• _Task instructions_: Only the lines from the opening of the material through the line bearing "قیمت تاچ ال" should be reproduced, exactly and without pictures.

• _Provided data_:
Segment Open
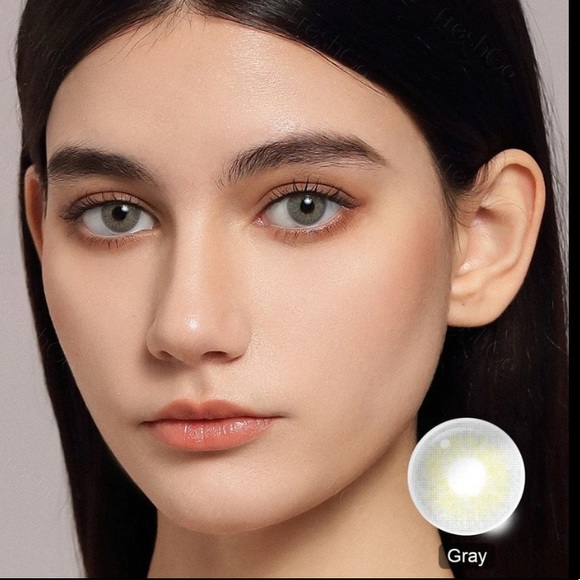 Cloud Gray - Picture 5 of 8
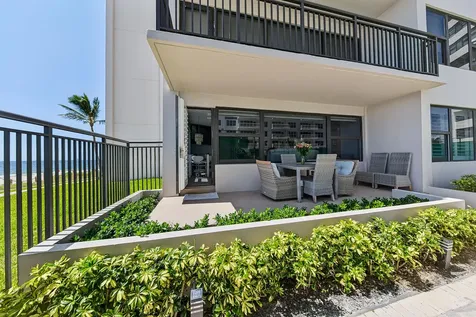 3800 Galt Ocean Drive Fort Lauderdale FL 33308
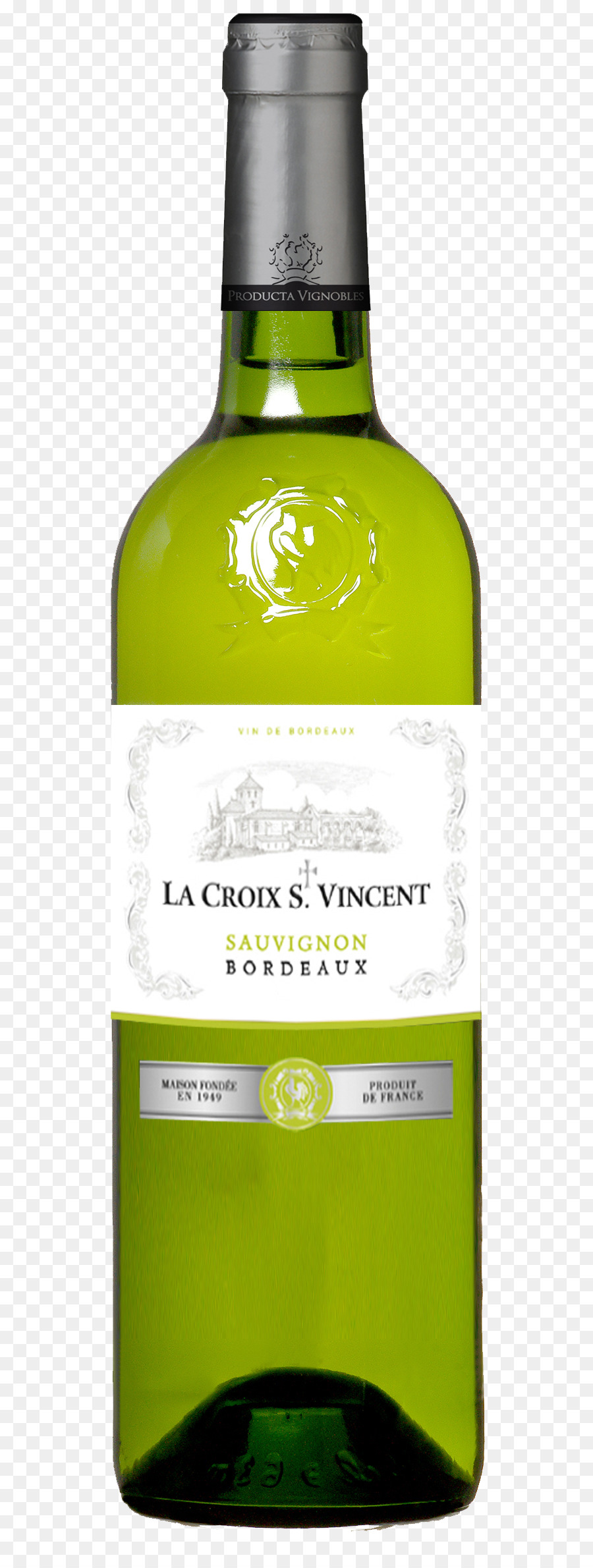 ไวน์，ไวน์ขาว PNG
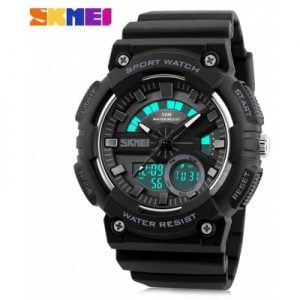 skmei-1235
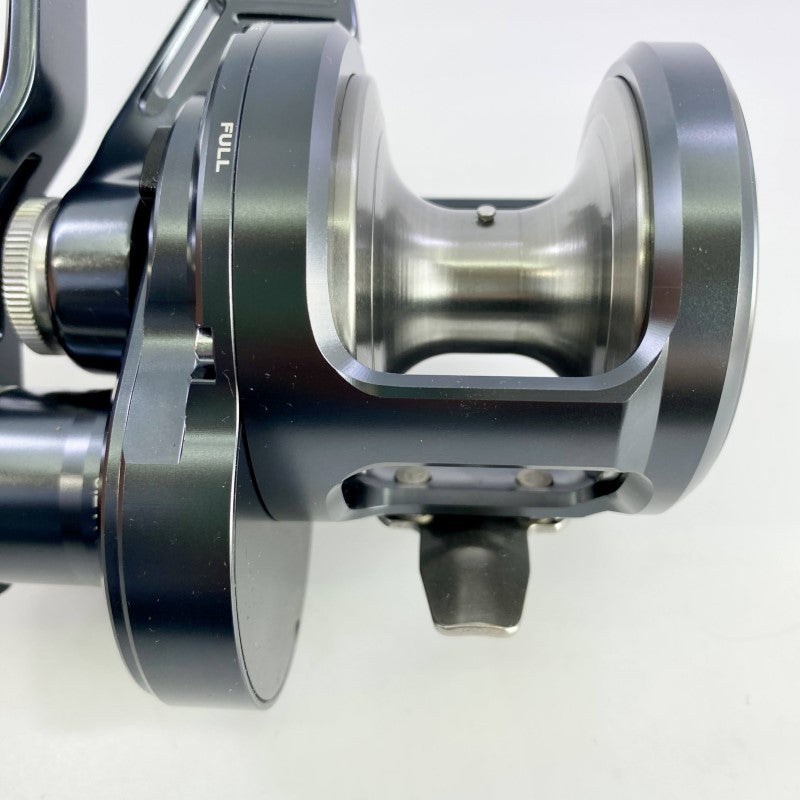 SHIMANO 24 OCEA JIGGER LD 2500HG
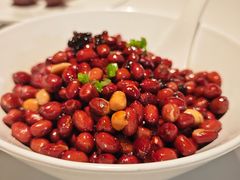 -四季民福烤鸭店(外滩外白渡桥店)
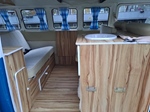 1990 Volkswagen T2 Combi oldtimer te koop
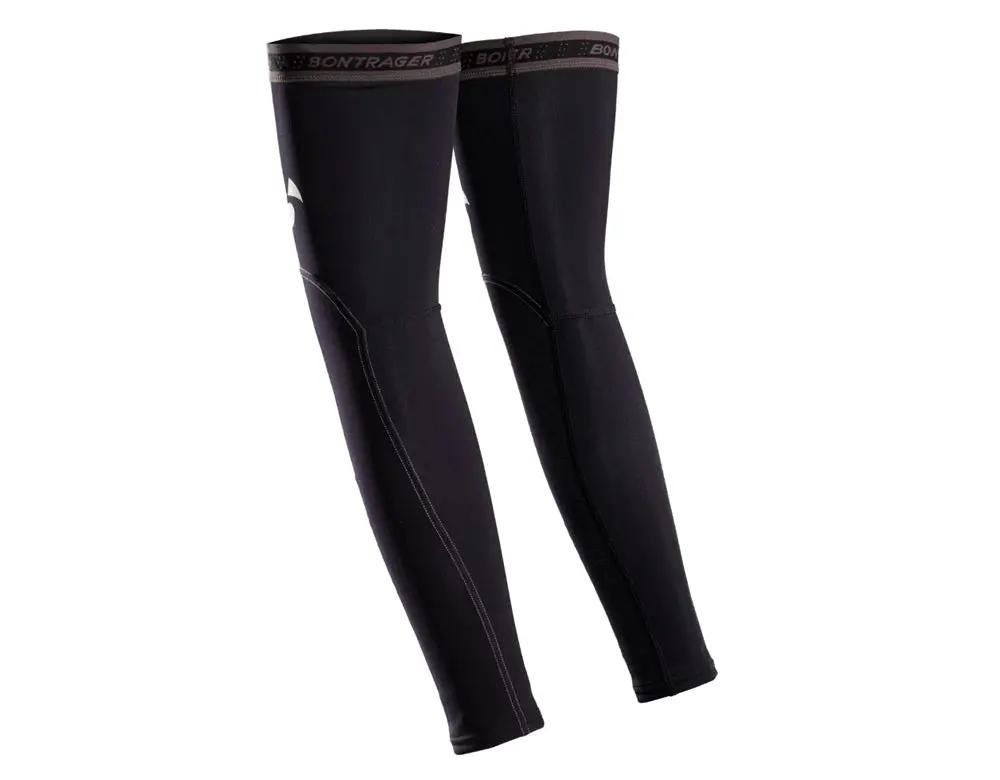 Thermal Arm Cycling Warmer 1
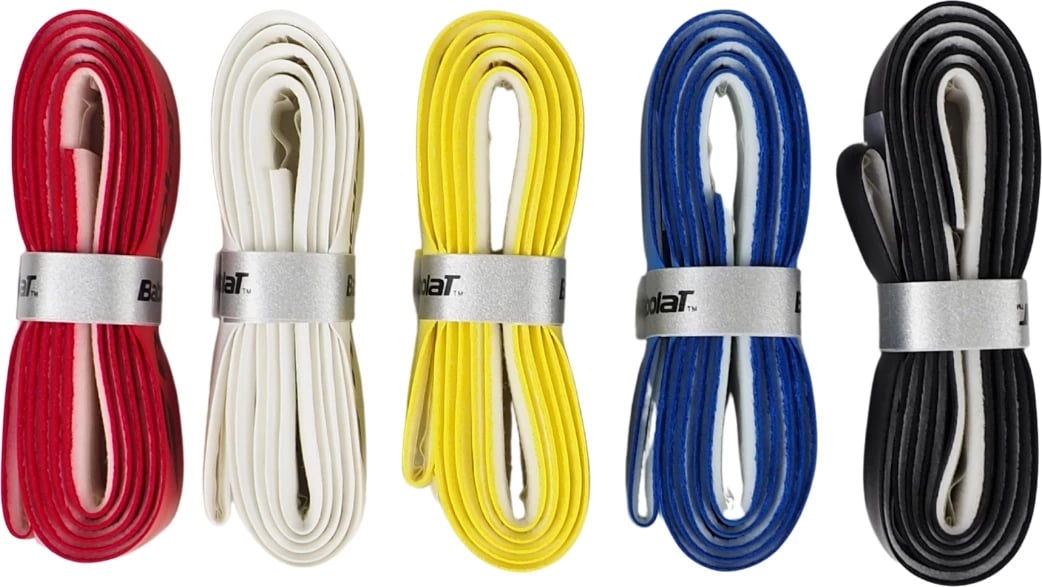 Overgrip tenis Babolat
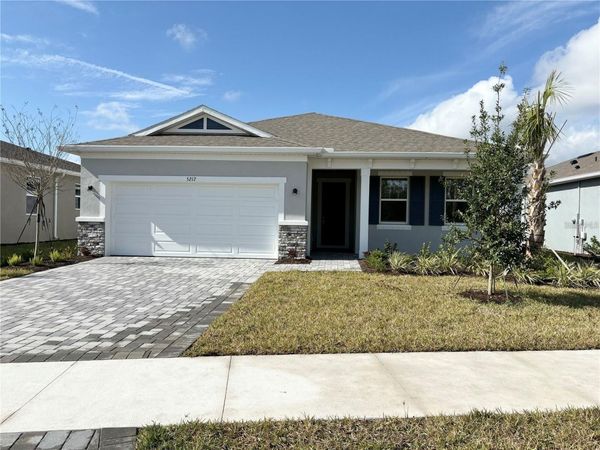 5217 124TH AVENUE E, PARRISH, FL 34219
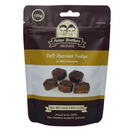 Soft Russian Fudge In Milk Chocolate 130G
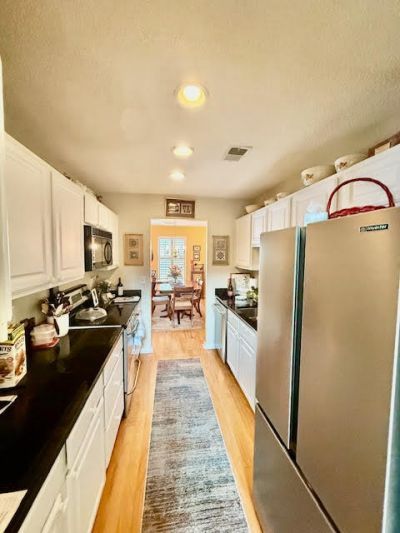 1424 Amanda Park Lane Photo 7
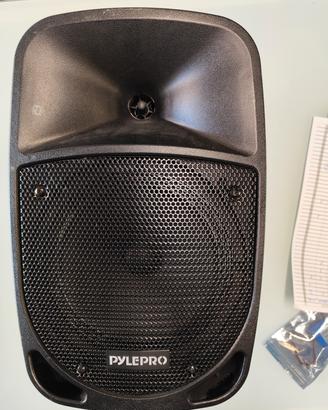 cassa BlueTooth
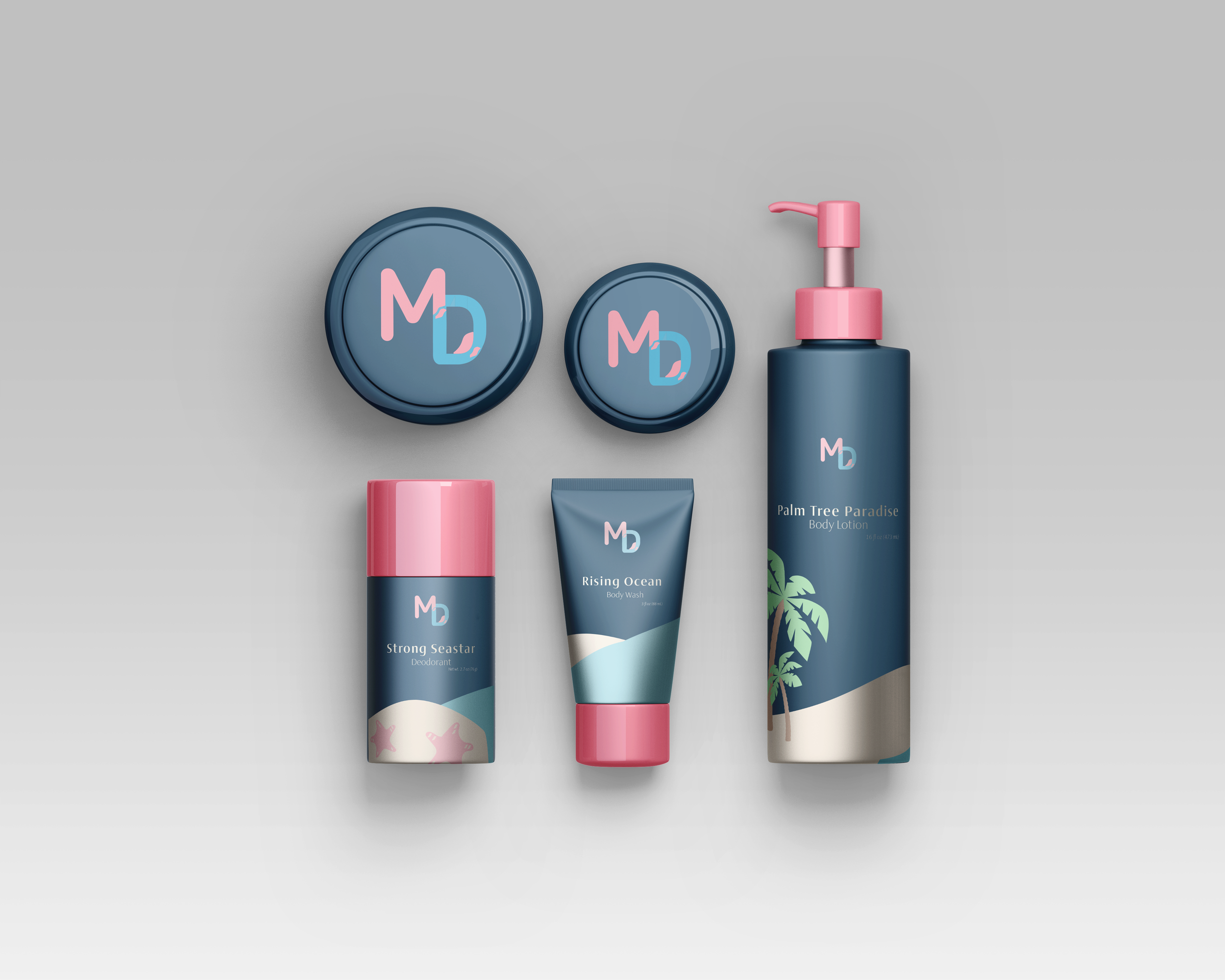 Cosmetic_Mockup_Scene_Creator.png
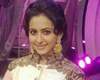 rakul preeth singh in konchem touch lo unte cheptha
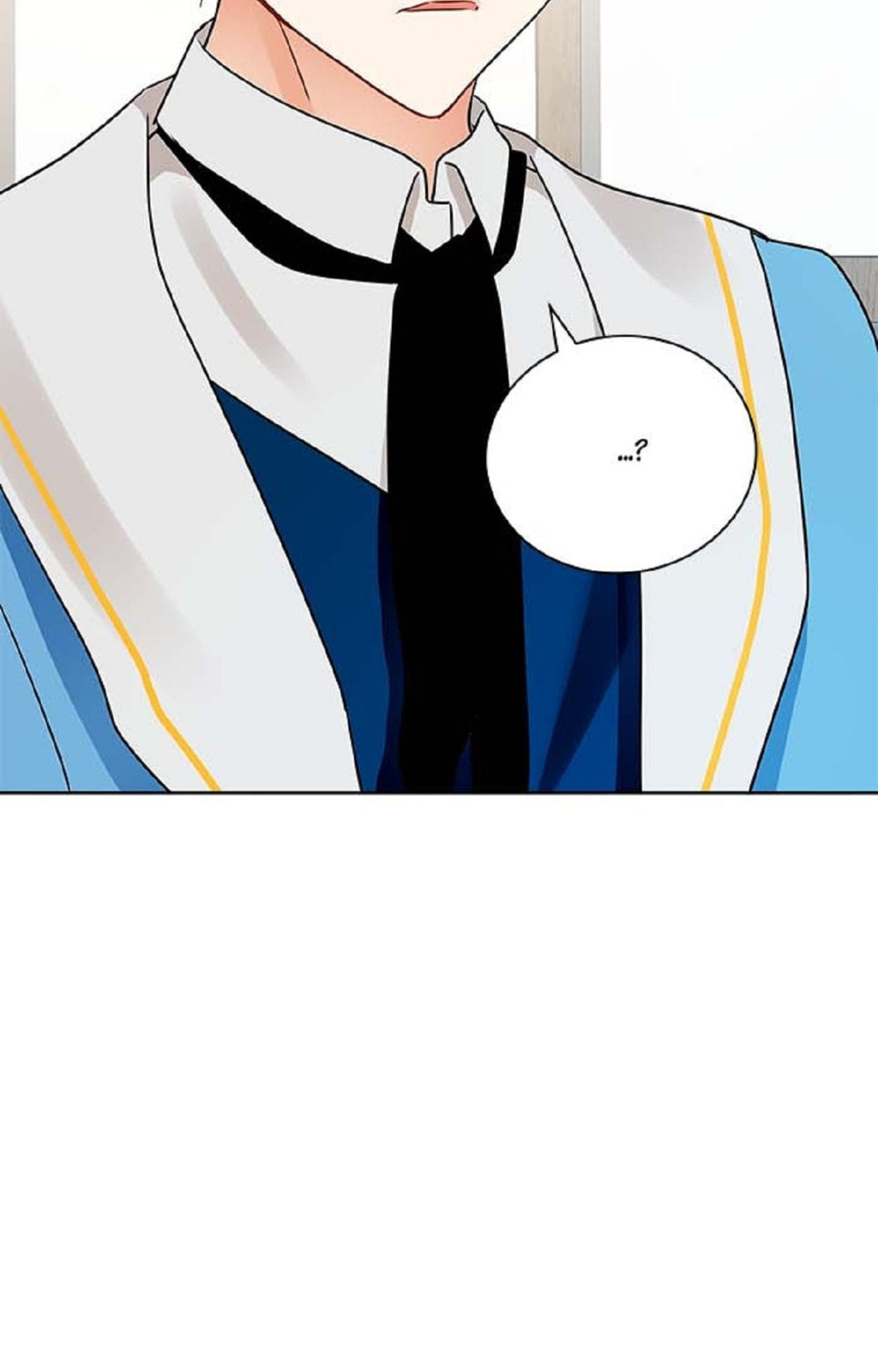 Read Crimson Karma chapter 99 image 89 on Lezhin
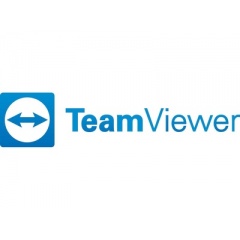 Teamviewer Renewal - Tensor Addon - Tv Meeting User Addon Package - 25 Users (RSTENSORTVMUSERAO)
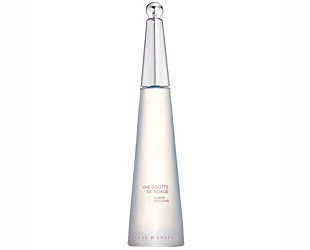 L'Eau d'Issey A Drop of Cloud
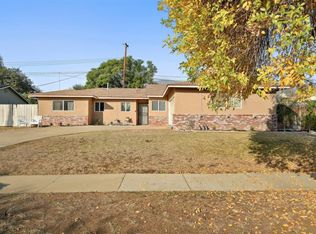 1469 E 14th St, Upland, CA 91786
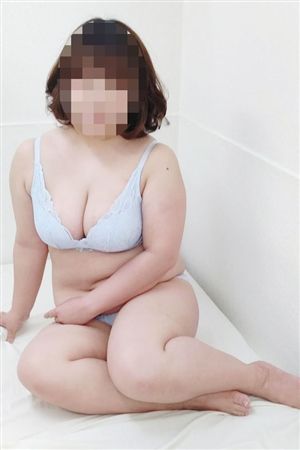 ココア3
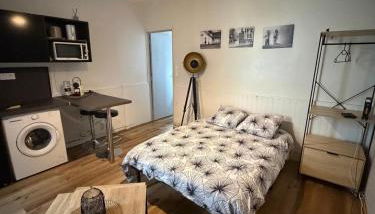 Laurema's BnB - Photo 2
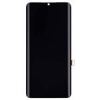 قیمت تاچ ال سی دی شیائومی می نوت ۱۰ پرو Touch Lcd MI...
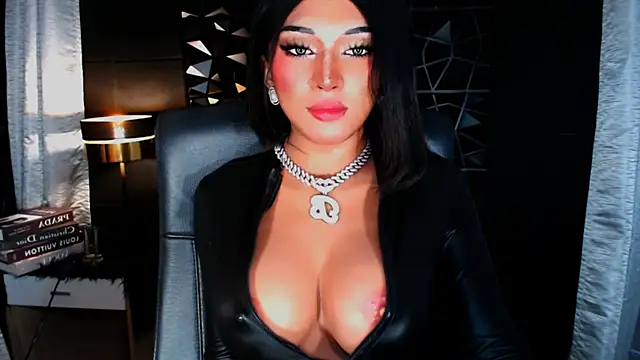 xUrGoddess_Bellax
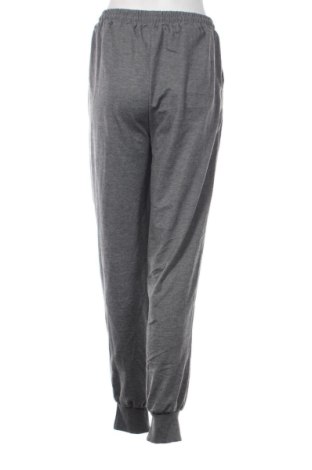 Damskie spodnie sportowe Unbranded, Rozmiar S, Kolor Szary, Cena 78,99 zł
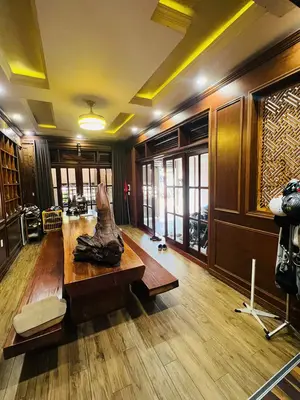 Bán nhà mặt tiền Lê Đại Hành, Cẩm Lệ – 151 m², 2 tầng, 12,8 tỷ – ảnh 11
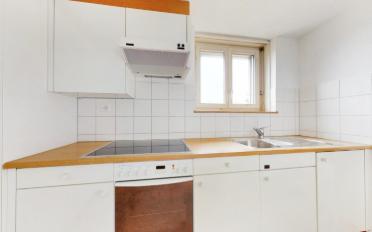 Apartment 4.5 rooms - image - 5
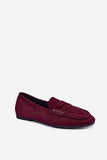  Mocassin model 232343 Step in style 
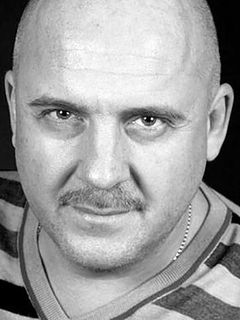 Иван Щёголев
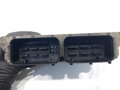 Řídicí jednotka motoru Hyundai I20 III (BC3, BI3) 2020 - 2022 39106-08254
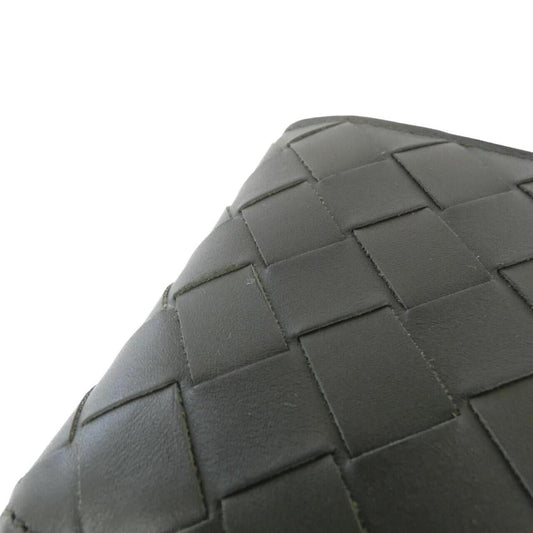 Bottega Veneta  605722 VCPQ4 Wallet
Segment Closed
• _Exercise response_:
 Cloud Gray - Picture 5 of 8
 3800 Galt Ocean Drive Fort Lauderdale FL 33308
 ไวน์，ไวน์ขาว PNG
 skmei-1235
 SHIMANO 24 OCEA JIGGER LD 2500HG
 -四季民福烤鸭店(外滩外白渡桥店)
 1990 Volkswagen T2 Combi oldtimer te koop
 Thermal Arm Cycling Warmer 1
 Overgrip tenis Babolat
 5217 124TH AVENUE E, PARRISH, FL 34219
 Soft Russian Fudge In Milk Chocolate 130G
 1424 Amanda Park Lane Photo 7
 cassa BlueTooth
 Cosmetic_Mockup_Scene_Creator.png
 rakul preeth singh in konchem touch lo unte cheptha
 Read Crimson Karma chapter 99 image 89 on Lezhin
 Teamviewer Renewal - Tensor Addon - Tv Meeting User Addon Package - 25 Users (RSTENSORTVMUSERAO)
 L'Eau d'Issey A Drop of Cloud
 1469 E 14th St, Upland, CA 91786
 ココア3
 Laurema's BnB - Photo 2
 قیمت تاچ ال سی دی شیائومی می نوت ۱۰ پرو Touch Lcd MI...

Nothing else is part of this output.